Launch the PTBG training cluster

Now there is only a little more book keeping nessesary to launch PTBG distributed training. This next step will look familiar to you if you’ve already taken a look at the docs for training the agatha deep learning model. Afterall, both techniques are using pytorch distributed.

You need every machine in your compute cluster to have some environment variables set. The offical docs on pytorch distributed environemnt variables can be found here.

These varaibles are:

MASTER_ADDR : The hostname of the master node. In our case, this is just one of the workers.

MASTER_PORT : An unused port to communicate. This can almost be anything. We use 12910.

NODE_RANK : The rank of this machine with respect to the “world”. If there are 3 total machines, then each should have NODE_RANK set to a different value in: [0, 1, 2]. Note, we use NODE_RANK but default pytorch uses RANK. It doesn’t really matter as long as you’re consistent.

WORLD_SIZE : The total number of machines.

The simplest way to set these variables is to use a nodefile, which is just a file that contains each machine’s address. If you’re on PBS, you will have a file called $PBS_NODEFILE and if you’re on SLURM then you will have variable called $SLURM_NODELIST. To remain platform agnositic, we assume you have copied any nessesry nodefile to ~/.nodefile.

You can set all of the nessesary variables with this snippet, run on each node. Preferably, this should be somewhere in your ~.bashrc.

export NODEFILE="~/.nodefile"
export NODE_RANK=$(grep -n $HOSTNAME $NODEFILE | awk 'BEGIN{FS=":"}{print $1-1}')
export MASTER_ADDR=$(head -1 $NODEFILE)
export MASTER_PORT=12910
export WORLD_SIZE=$(cat $NODEFILE | wc -l)

Now that you’ve setup the appropriate environment variables, you’re ready to start training. To launch a training process for each compute node, we’re going to use parallel.

parallel \
  --sshloginfile $NODEFILE \
  --ungroup \
  --nonall \
  "torchbiggraph_train --rank \$NODE_RANK /path/to/config.py"

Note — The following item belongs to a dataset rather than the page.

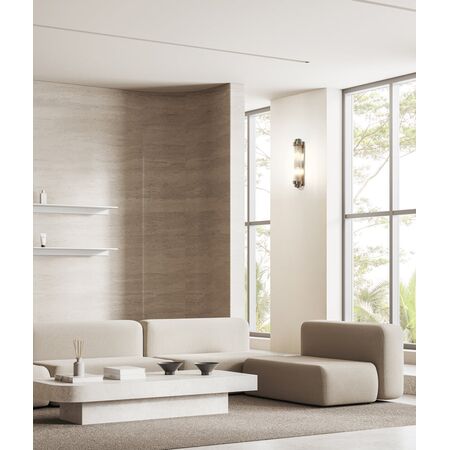 Wall Int S/M 2 x SES Up/Dn CLR Glass Rod w/ White Base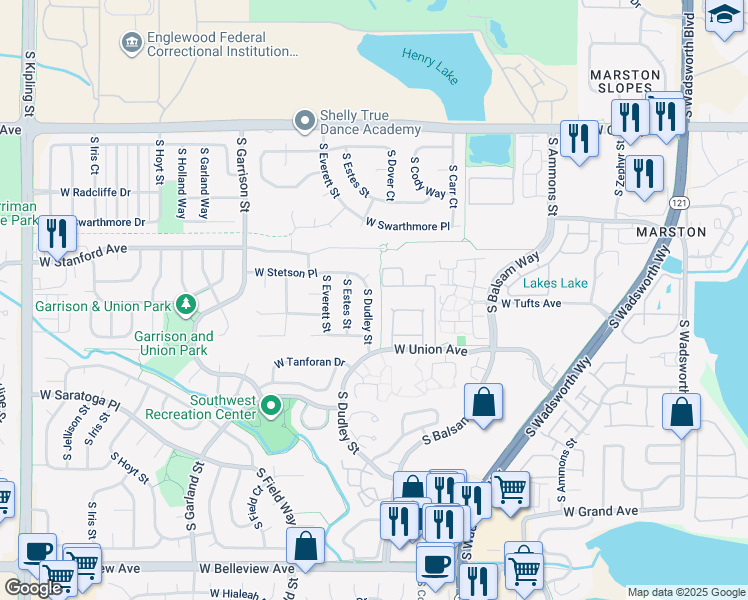 map of restaurants, bars, coffee shops, grocery stores, and more near 4602 South Dudley Street in Littleton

Warning: It is important to escape the ‘$’ when calling $NODE_RANK in the above parallel command. With the escape (\$) we’re saying “evaluate NODE_RANK on the remote machine”. Without the escape we’re saying “evaluate NODE_RANK on this machine.”

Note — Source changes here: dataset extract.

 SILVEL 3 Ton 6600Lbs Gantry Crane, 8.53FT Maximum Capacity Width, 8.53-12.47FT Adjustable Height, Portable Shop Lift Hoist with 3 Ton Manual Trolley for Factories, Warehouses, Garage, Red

Expect graph embedding to take a very long time. Typically, we run for approximately 5 epochs, which is the most we can compute in our normal 72-hour time limit.

Index the Resulting Embeddings

Now, you should have a directory in DATA_ROOT/embeddings that is full of files that look like: embeddings_{type}_{part}.v{epoch}.h5. Each one represents a matrix where row i corresponds to entity i of the given type and partition. Therefore, we need to build a small index that helps us reference each embedding given an entity name. For this, we use the ptbg_index_embeddings.py tool. You can find this here: agatha/tools/py_scripts/ptbg_index_embeddings.py.

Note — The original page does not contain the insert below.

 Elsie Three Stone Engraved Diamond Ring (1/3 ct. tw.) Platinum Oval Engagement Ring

Like all tools, you can use the --help option to get more information. Here’s an example of how to run it:

cd /path/to/agatha/tools/py_scripts
./ptbg_index_embeddings.py \
  <DATA_ROOT>/entities \
  entities.sqlite3 

This tool will create an sqlite3 lookup table (compatible with Sqlite3LookupTable) that maps each entity to its embedding location. The result will be stored in entities.sqlite3 (or wherever you specify). The Agatha embedding lookup table will use this along with the embeddings directory to rapidly lookup vectors for each entity.